The bill, signed by Gov. Pence on May 2, grants in-state tuition eligibility to honorably discharged veterans and active duty National Guard members who enroll in one of Indiana’s state colleges within a year of settling here.
“Currently, there are veterans who come home from serving and have been stationed elsewhere, so they’re not able to declare residency for in-state tuition, increasing their costs upon returning,” VU military education director Matt Schwartz told the Vincennes Sun-Commercial, “this bill takes care of that problem, it fills in the gap.”
As it stands, students enrolling in a state school who have not had an Indiana address for 12 months prior to their enrollment must pay out-of-state tuition rates.
But that will change this summer.
“The bill takes effect July 1, so just in time for summer school,” Schwartz said. “Veterans will have to enroll no later than 12 months after their separation or discharge, and then they must begin the process to establish Indiana residency within the next 12 months.”
The welcome influx of accessibility for veterans coming to Indiana is just another step forward for the military education program at VU, Schwartz added.
“Since 1986, the military education program here at VU has provided learning opportunities to over 75,000 active military, reservists and guard members,” he said. “And we offer courses at 42 different military installations across the country.
The program also offers face-to-face instruction to deployed vessels with a contract through the Navy.
“In addition to the course work, we provide full degree programs,” he said. “We can offer students an associate degree in general studies, law enforcement, pretty much all of the technical fields, and then we have bachelor’s degree programs available in homeland security, as well.”
The programs are able to span the globe to accommodate as many service members as possible.
“We have students who are taking classes in Georgia up to Seattle, which covers one side of the country to the other,” he said. “It’s not unusual for us to have students take classes with us while they’re serving on deployment in Iraq and Afghanistan.”
A pioneer in the customization of higher education for military personnel, VU is expanding resources to have an even larger impact.
“We are so flexible and portable in offering affordable education to anywhere they’re at,” he added. “We were the first school in Indiana to offer programing like this, and we are the only university here that has such a strong outreach.
“It’s what they deserve.”
This year, he said, the university graduated more than 250 students.

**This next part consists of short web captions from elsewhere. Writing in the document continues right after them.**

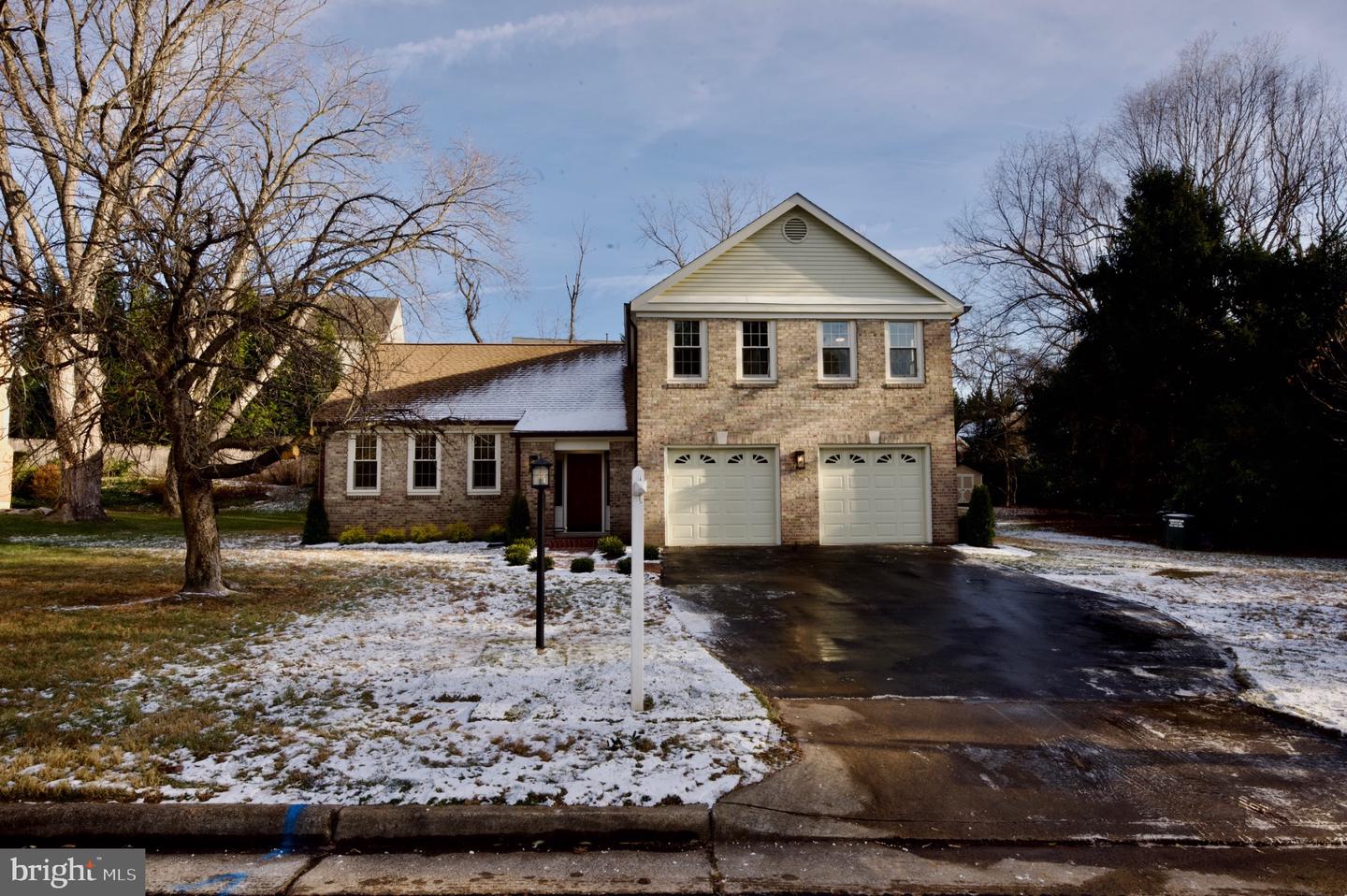 12453 WENDELL HOLMES RD, HERNDON, Virginia 20171, 4 Bedrooms Bedrooms, 13 Rooms Rooms,2 BathroomsBathrooms,Residential,For sale,12453 WENDELL HOLMES RD,VAFX2282698 MLS # VAFX2282698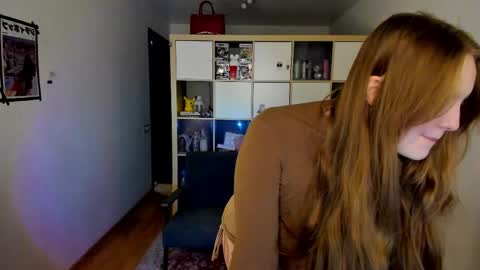 Flora  Next stream November 17th at 6  GMT online show from April 2026 04:39:01 AM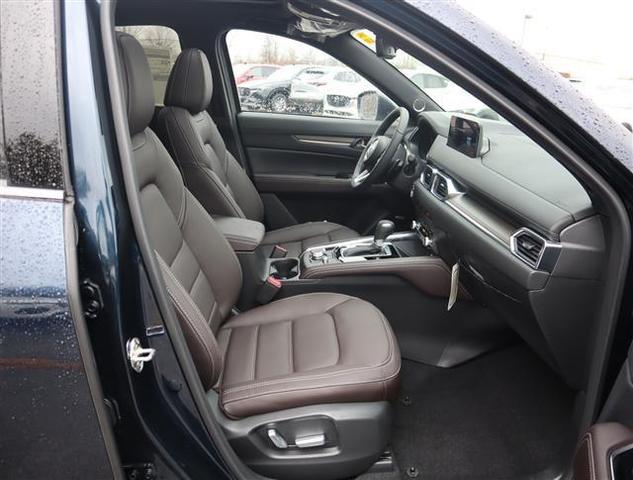 Photo of 2025 Blue Mazda CX-5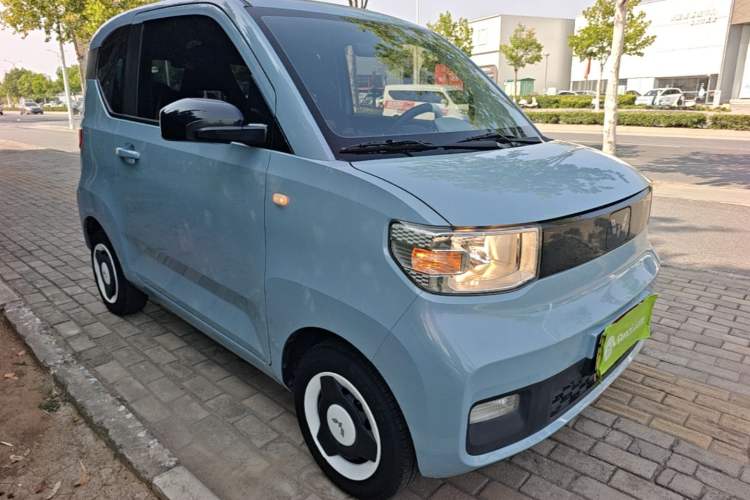 Used Wuling Hongguang MINIEV 2022 Enjoy Edition Lithium Iron Phosphate Front Right 45 Deg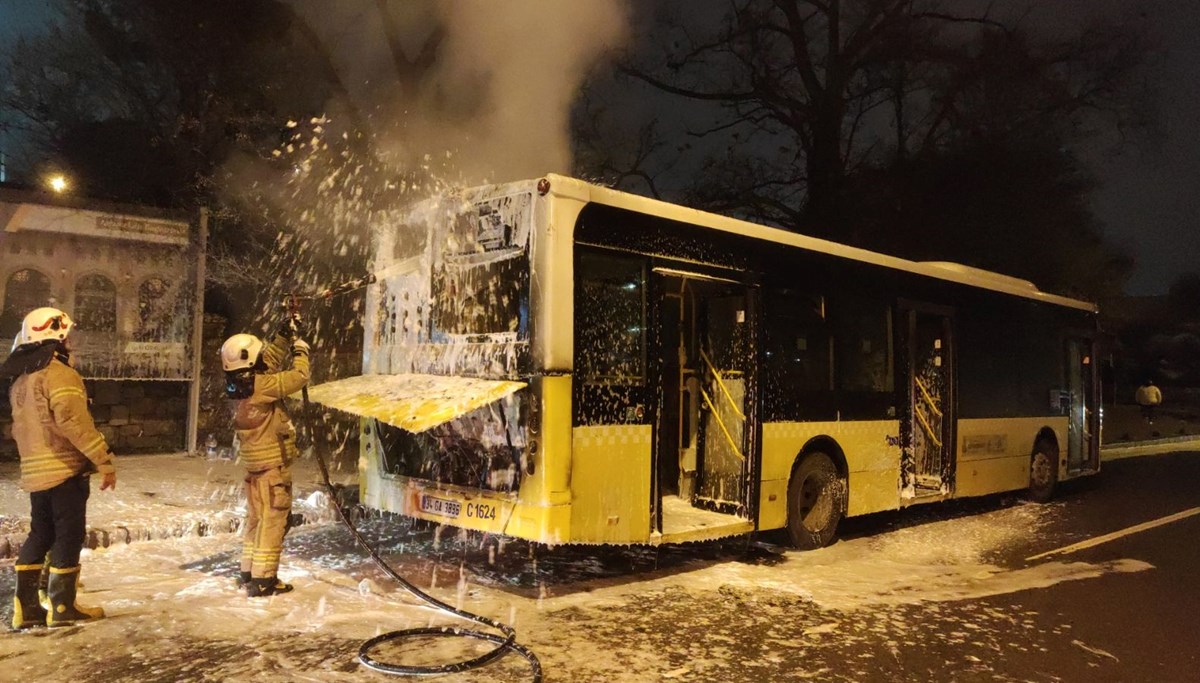 Üsküdar'da İETT otobüsü yandı Üsküdar'da İETT otobüsü yandı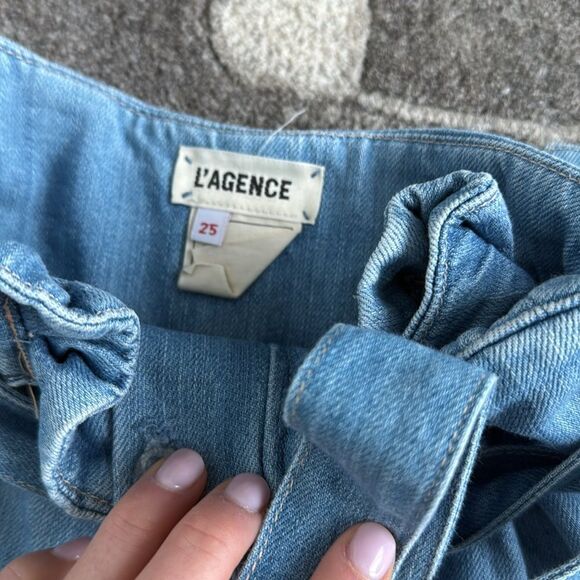 L'AGENCE Hillary Paperbag Denim Shorts, 25 - Picture 6 of 6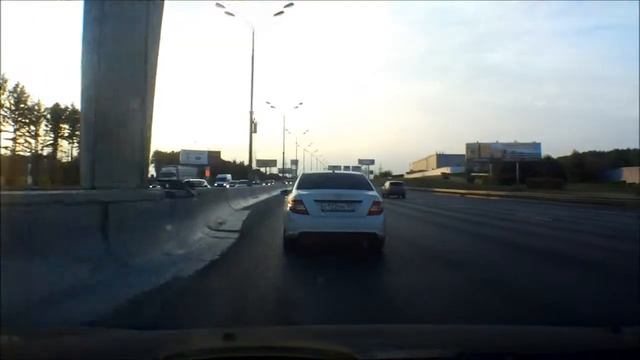 блондинка на мкаде врубила первую на 110 км/ч смотреть онлайн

University president Dick Helton makes appearances at each graduation, noting it is one of his favorite jobs in his position.
“It’s an honor to be a part of those activities. It’s one thing that I really look forward to and really enjoy doing,” he said. “I do them all, and I really love to do them, they’re fun and it’s just a little gesture I can do to show my appreciation for their dedication to our country.”
The students, he added, show great benefit when they’re provided access to a VU education wherever they’re serving.
“As we’ve put together the programs at different sites throughout the world, the distance education has played an integral part in allowing our military full access to higher education,” he said. “It’s about convenience, accessibility and, of course, affordability.”